Management noted that despite the decline in passenger totals, total revenue and spend rate improved as a result of the strategic measures that the company has been implementing over time.
Net profit earned for the quarter was US$1.77 million for an EPS of 0.108 US cents per share. This is compared to a net profit of US$1.06 million for an EPS of 0.065 US cents for the similar period in the prior year.
For the nine months to date, the passenger total was 1.80 million. This generated revenue of US$18.89 million for a spend per passenger rate of US$10.49.
The metrics for the similar nine months in the prior year were passenger total of 1.96 million passengers, revenue of US$18.67 million and spend rate of US$9.53
Net profit for the nine months was US$3.22 million for an EPS of 0.197 US cents. Net profit earned for the similar period in the prior year was US$2.09 million, for an EPS of 0.127 US Cents.
Dividend declared and paid for the fiscal year to date was just over US$1.00 million.

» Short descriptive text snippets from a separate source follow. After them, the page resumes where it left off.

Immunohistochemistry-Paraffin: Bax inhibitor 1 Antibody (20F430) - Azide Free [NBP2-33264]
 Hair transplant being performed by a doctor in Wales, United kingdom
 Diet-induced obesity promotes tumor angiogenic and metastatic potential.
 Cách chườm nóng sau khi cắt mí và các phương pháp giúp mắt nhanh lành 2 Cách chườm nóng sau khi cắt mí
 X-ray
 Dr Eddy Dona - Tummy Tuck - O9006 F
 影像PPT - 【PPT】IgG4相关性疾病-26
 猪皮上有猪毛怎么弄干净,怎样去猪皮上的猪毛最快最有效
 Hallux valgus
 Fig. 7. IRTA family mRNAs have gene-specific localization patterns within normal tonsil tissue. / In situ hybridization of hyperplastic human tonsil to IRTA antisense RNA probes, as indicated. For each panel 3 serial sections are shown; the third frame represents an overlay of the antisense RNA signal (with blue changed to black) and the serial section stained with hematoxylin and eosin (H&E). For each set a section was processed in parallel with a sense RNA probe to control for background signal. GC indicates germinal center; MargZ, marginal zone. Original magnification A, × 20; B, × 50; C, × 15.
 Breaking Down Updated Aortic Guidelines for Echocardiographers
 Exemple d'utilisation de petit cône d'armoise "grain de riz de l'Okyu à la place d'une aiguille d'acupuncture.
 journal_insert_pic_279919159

Management noted that of all the cost categories, Cost of Sales (COS) continues to be the best area of savings for the quarter and year to-date positions. This category registered just under seven percentage points improvement for the Quarter and just under five percentage points improvement for the nine months.
“ The improvement was a combination of price increases, better portion controls, as well as improved supply chain agreements. The team intends to build on the trend for the rest of the year,” Chairman Ian dear stated,
Savings were also recorded in salaries and wages, in line with the previously stated intention to better utilize this resource. There was also a shift in cost allocation from property rental expenses to lease amortization, in line with the increase in Lease obligation under IFRS 16 rules.
Dear concluded, “The winter season is now ending but the outlook is for an excellent summer season.”